Start Date: 2026-02-27
Authors: Connor Tsui
RFC PR: vortex-data/rfcs#5

Extension Types

Summary

We would like to build a more robust system for extension data types (or DTypes). This RFC proposes a direction for extending the ExtVTable trait to support richer behavior (beyond forwarding to the storage type), lays out the completed and in-progress work, and identifies the open questions that remain.

Motivation

A limitation of the current type system in Vortex is that we cannot easily add new logical types. For example, the effort to add FixedSizeList (vortex#4372) and also change List to ListView (vortex#4699) was very intrusive. It is much easier to add wrappers around canonical types (treating the canonical dtype as a "storage type") and implement some additional logic than to add a new variant to the DType enum.

Storage DTypes

Extension types work by wrapping an existing canonical DType, called the storage dtype. The storage dtype is itself a logical type (e.g., Primitive, Struct, List), and the extension type is a logical wrapper over it that layers on additional semantics such as validation, display formatting, and (eventually) custom compute logic.

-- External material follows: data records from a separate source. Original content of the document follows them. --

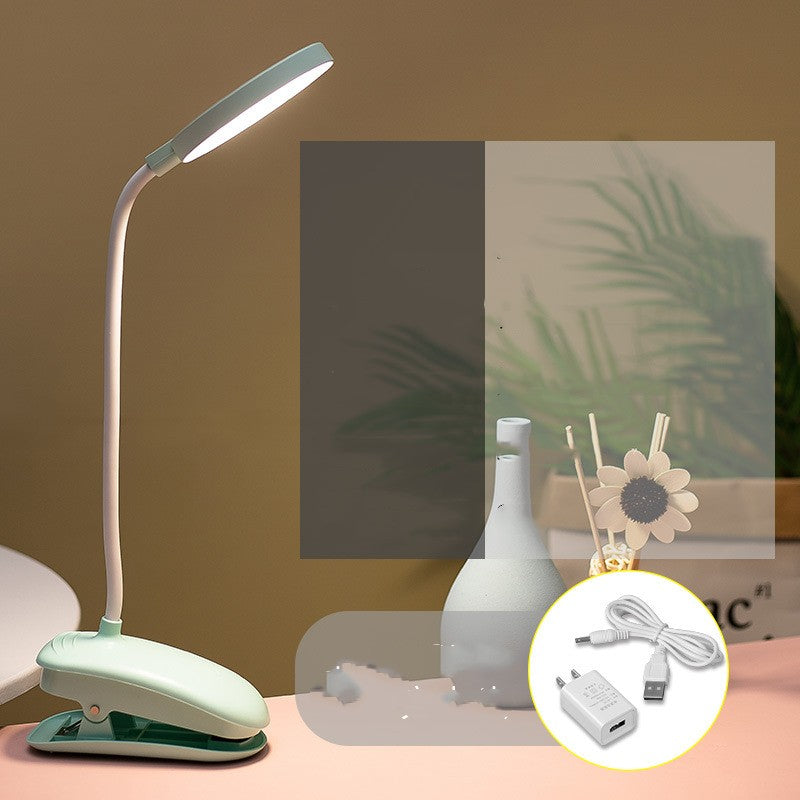 Bright LED Table Lamp Study Desk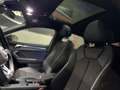 Audi Q3 Sportback 40 TFSI quattro Black line S tronic Blanco - thumbnail 17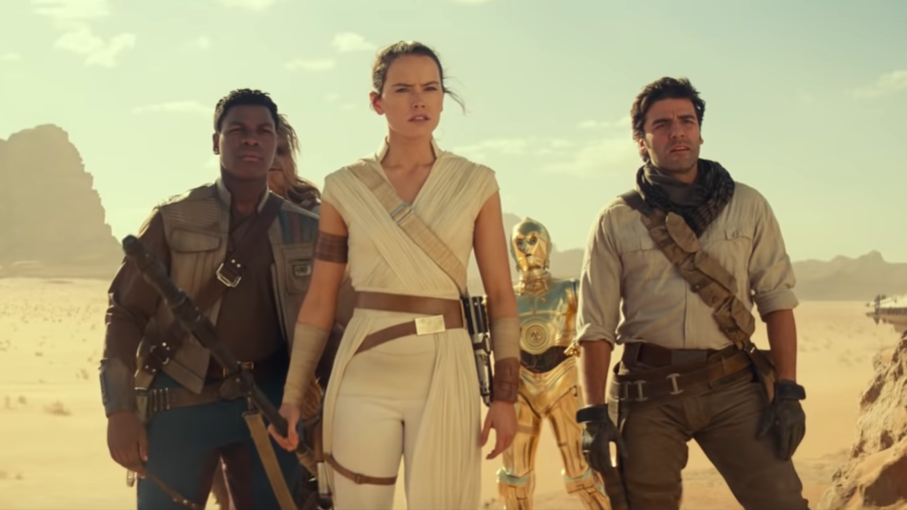 preview for Star Wars: The Rise of Skywalker unanswered questions RESOLVED - what did the Skywalker Saga forget?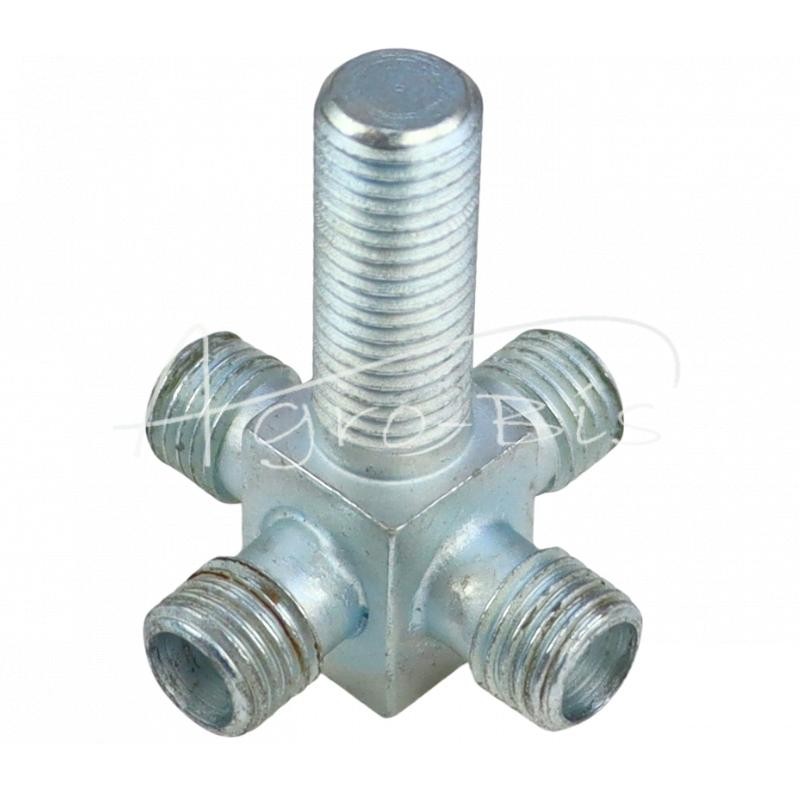 Pilnai sumontuotas kabinos kabelių komplektas Scania sunkvežimiams ir kitiems PZL-Hydral sunkvežimiams - PPK-S-09-00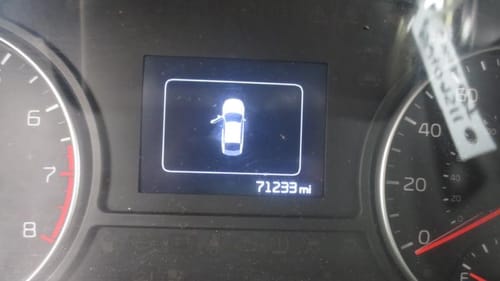 2016 Kia Optimakia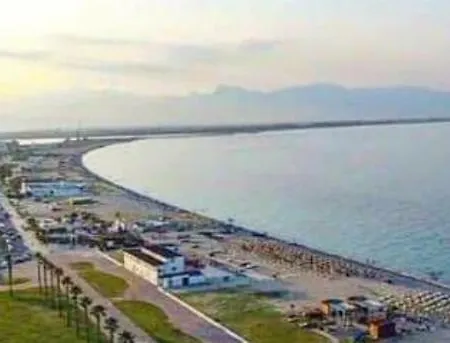 Paradiso Corigliano Calabro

For example, a Timestamp extension type has a Primitive storage dtype. Under the hood, a timestamp array is just a primitive array of integers, but the extension layer knows that those integers represent microseconds since the Unix epoch. Similarly, a Union extension type might use Struct as its storage dtype, wrapping a struct of fields with union-specific dispatch logic.

This separation means that adding a new logical type does not require changes to the core canonical type system, the compressor, or the I/O layer. Extension types get compression for free because data is always read from and written to disk as the underlying storage dtype.

Current State

Vortex provides an Extension variant of DType to help with this. Currently, implementors can add a new extension type by defining an extension ID (for example, vortex.time or vortex.date) and specifying a storage dtype. For example, the time extension types use a primitive storage dtype, meaning they wrap the primitive scalars or primitive arrays with some extra logic on top (mostly validating that the timestamps are valid).

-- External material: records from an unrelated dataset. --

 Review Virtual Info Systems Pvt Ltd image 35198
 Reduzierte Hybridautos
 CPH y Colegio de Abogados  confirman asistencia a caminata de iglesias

We would like to add many more extension types. Some notable extension types (and their likely storage types) include:

Matrix / Tensor: This would be an extension over FixedSizeList, where dimensions correspond to levels of nesting. There are many open questions on the design of this, but that is out of scope of this RFC.
Union: The sum type of an algebraic data type, like a Rust enum. One approach is to implement this with a type tag paired with a Struct (so Struct { Primitive, Struct { types } }). Vortex is well suited to represent this because it can compress each of the type field arrays independently, so we do not need to distinguish between a "Sparse" or "Dense" Union.
UUID: Since this is a 128-bit number, we likely want to add FixedSizeBinary. This is out of scope for this RFC.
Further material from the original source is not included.